Dario Salvi: Keinen. Er ist nur bekannt für die "Leichte Kavallerie-" und "Dichter und Bauer"-Ouvertüren. Sullivan ist natürlich äußert populär hier und Strauß wird hauptsächlich mit den Walzern und der "Fledermaus" in Verbindung gebracht.

u.a.: Wie können Sie hoffen, eine große Resonanz für Ihr Projekt zu bekommen, wenn der Komponist dieses Werkes in GB so unbekannt ist?

Dario Salvi: Ich vertraue der Qualität der Musik, auf das Novum der Produktion, der historischen Wichtigkeit unseres Projektes und natürlich auf die erstmalige Edition des vollständigen Librettos der Operette. Und ich hoffe, die Leute aus ganz Europa wollen nicht nur nach Norwich fliegen, um Zeuge der Aufführung zu werden. Die Reise ist nicht nur wert wegen der Musik, sondern ebenso, um die Wunder einer von Englands schönsten mittelalterlichen Städten zu entdecken!

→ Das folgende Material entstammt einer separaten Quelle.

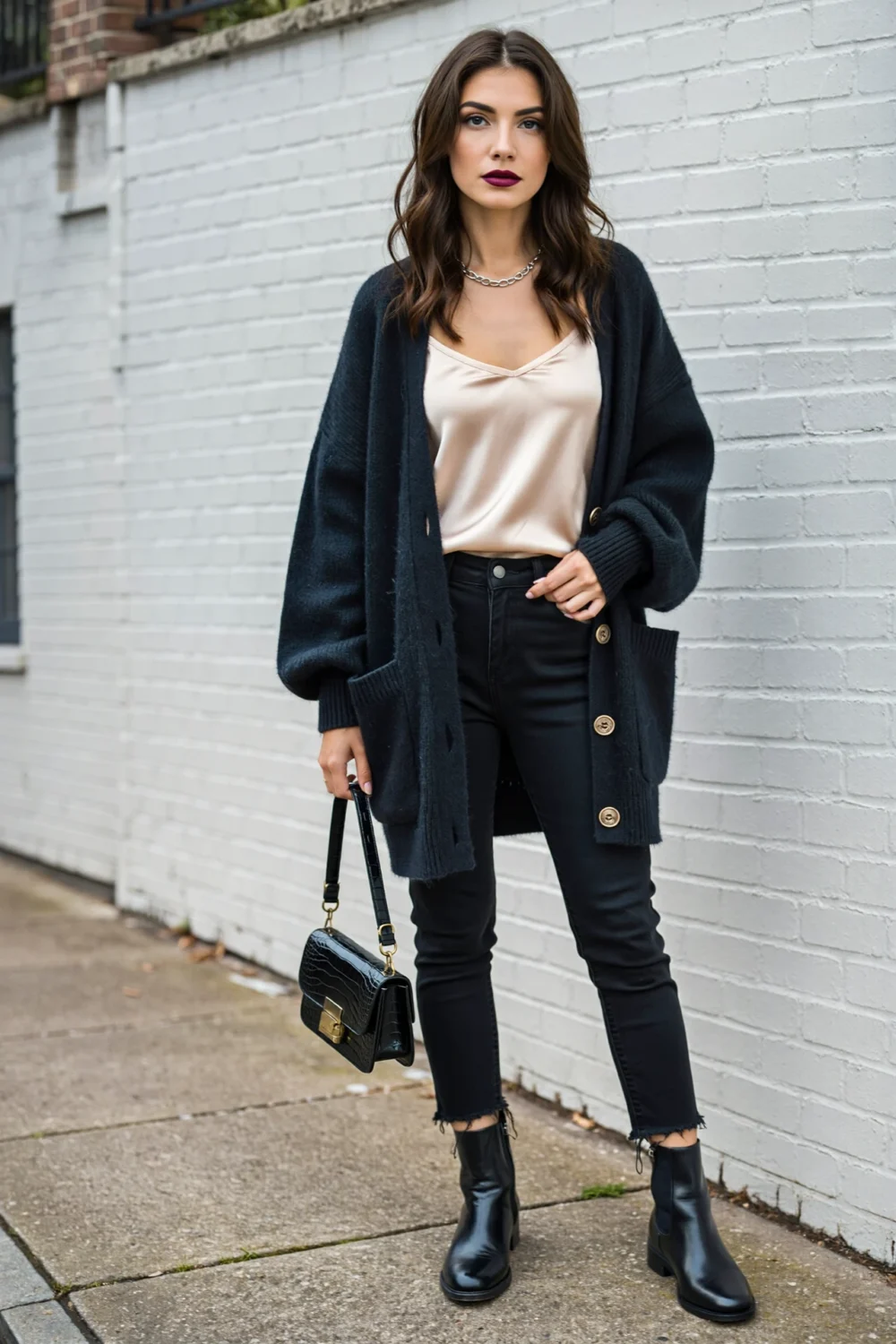 Woman in satin cami, black straight-leg jeans and oversized cardigan, styled with ankle boots for a cozy-cool house-party look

u.a.: Sie planen auch, die Aufführung auf CD oder DVD aufzunehmen?

Dario Salvi: Ja, aber wir suchen zunächst nach Möglichkeiten, das Projekt (als solches) zu finanzieren. Alles hängt davon ab, wie viel Geld wir aufbringen können.

u.a.: Wie steht es mit der Finanzierung?

Dario Salvi: Wir haben gerade begonnen, Zuschüsse von verschiedenen Bezirken in GB zu beantragen. Ich habe im Augenblick noch keine Kenntnisse bezüglich europäischer Zuschüsse, aber wir wollen uns in naher Zukunft darum kümmern. Natürlich hilft der Verkauf von Tickets, das Projekt zu finanzieren. Wir wollen versuchen, den Preis im Rahmen aber gleichzeitig im Verhältnis zum Wert des Projektes zu halten.

Oktober 2015, die Fragen stellte Uwe Aisenpreis.